However, where things go wrong in this discussion is the people who make
complaining their profession. Surely you can think of some textbook examples
of this. If you as a society conform to these people, the stock is not
finished. Then there comes the next problem and the next, and so on and so
forth.

Part of the population, often a minority, is very much in favor of this.
Another part of the population feels attacked by this and will resist
strongly. The rest will be somewhere in between, but what is almost always the
case is that these kinds of discussions lead to divisions within society.
Division is often accompanied by strong emotions and strong opinions, which in
turn leads to hateful behavior against each other. That often expresses itself
in racism.

And in principle that is not necessarily an insurmountable problem, provided
there is enough interest in change. But there we come back to the point that
many professional activists will never be good enough. Of course, it cannot be
the case that all aspects of a culture and a country must be fully adapted.
Certainly not at the expense of cohesion within society, with all the negative
consequences that entails.

What you get now is that everything, irrelevant and unnecessary, that can be
classified as politically correct, is allowed. In fact, a critical view of the
whole situation is immediately perceived as incorrect and racist. You now have
the choice of fully conforming to this politically correct thinking and
action, or you may experience serious negative consequences. Then I am talking
about dismissal or a completely destroyed reputation. If you are also a white
person, the consequences are only greater.
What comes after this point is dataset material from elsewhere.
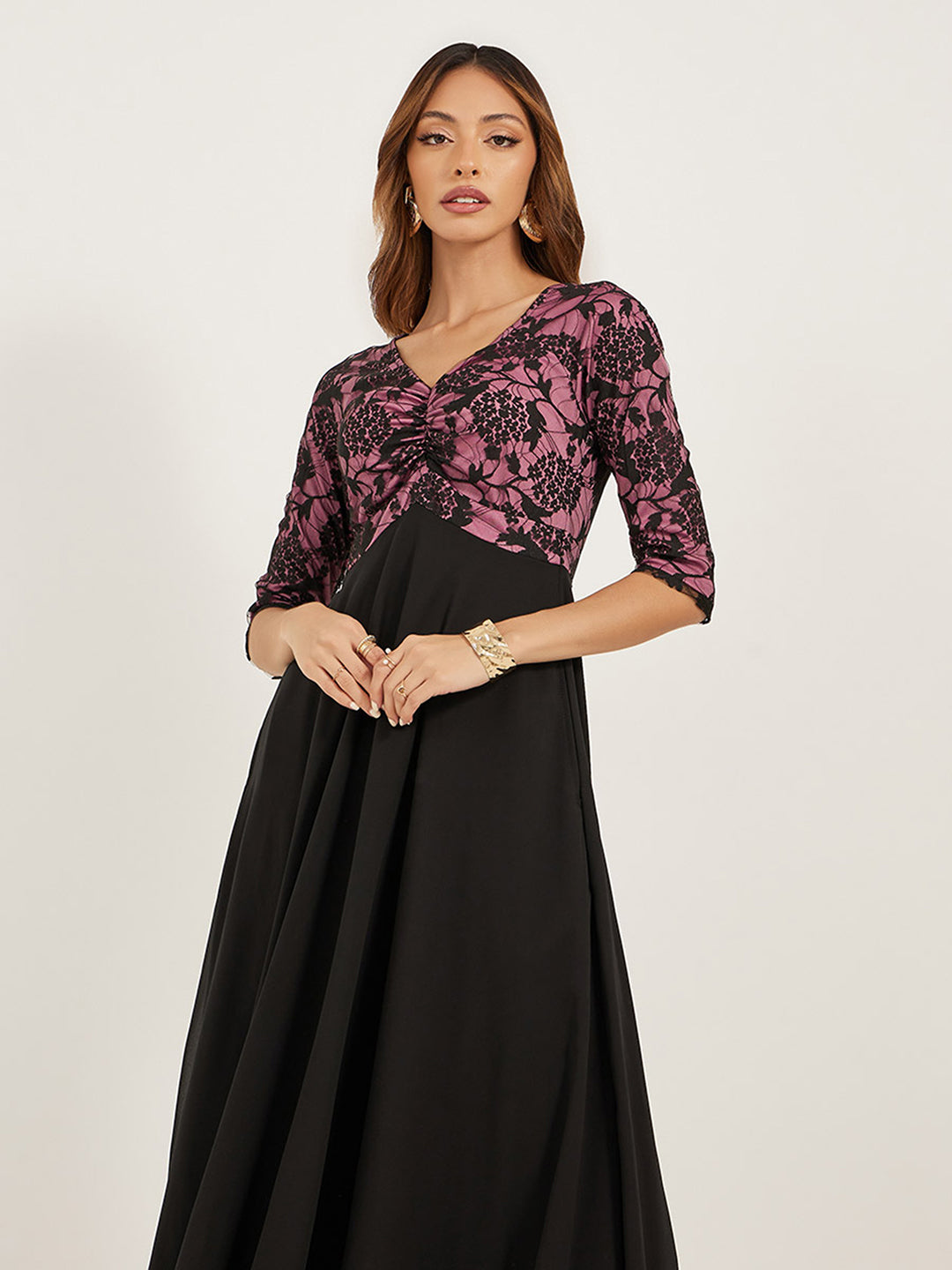 Women's Black And Lavender Sweet heart neck 3/4 Sleeve Self Design Fit & Flare Maxi Dress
And that is why I talked about classic racism in the beginning of my speech.
Racism unfortunately also takes place the other way. A colored person may as
well be a racist and a white person may as well be a victim of racism. What is
completely ridiculous, however, is that there seem to be many people who
believe that racism can exist exclusively with a colored person as its victim.

Anyway, what I mainly want to go to, is that we should take a critical look at
abuses within our society, but certainly not lose sight of reality. We need to
live together more and better and not just get further away from each other.
That also means that you sometimes have to be able to say: "now it is enough",
"this is going too far". And that you will not then be called Hitler.
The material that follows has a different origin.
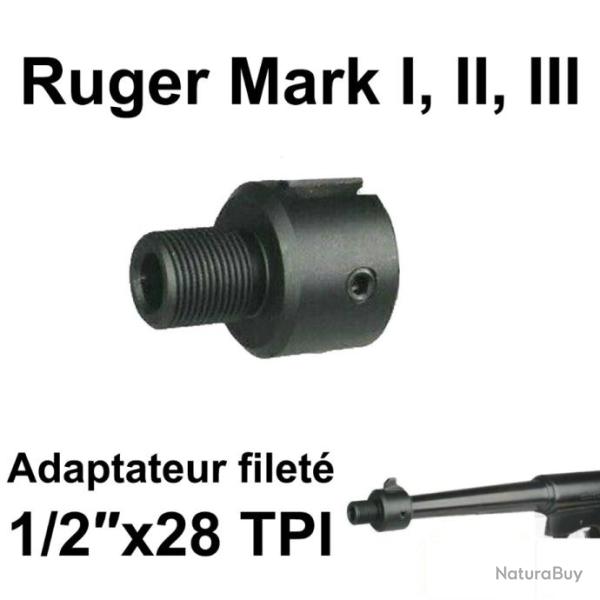 Adaptateur filet� Ruger Mark I, II, III 1/2"x28 TPI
If you tell your partner you love him or her every 10 minutes, it will lose
value. It is no different in this matter.

And let's not forget that there is always someone who can take offense
somewhere. Should we just adjust everything? (Of course people take offense
again ...)

Note though that colored people are (much) more often victims of racism.
Racism doesn't necessarily have to be words to someone.

I treat people the way they treat me. If I don't know them, I treat them the
way I want to be treated. I have never (consciously) been guilty of racism.

What I take offense is that I cannot safely express my, quite subtle and
nuanced, opinion on this topic. Not because my opinion is so radical, but
because it is apparently not allowed to apply nuance at all and it only
consists of right or wrong.

The fact that I am white also means that I can afford less in this discussion.
And I experience that as discrimination and racism.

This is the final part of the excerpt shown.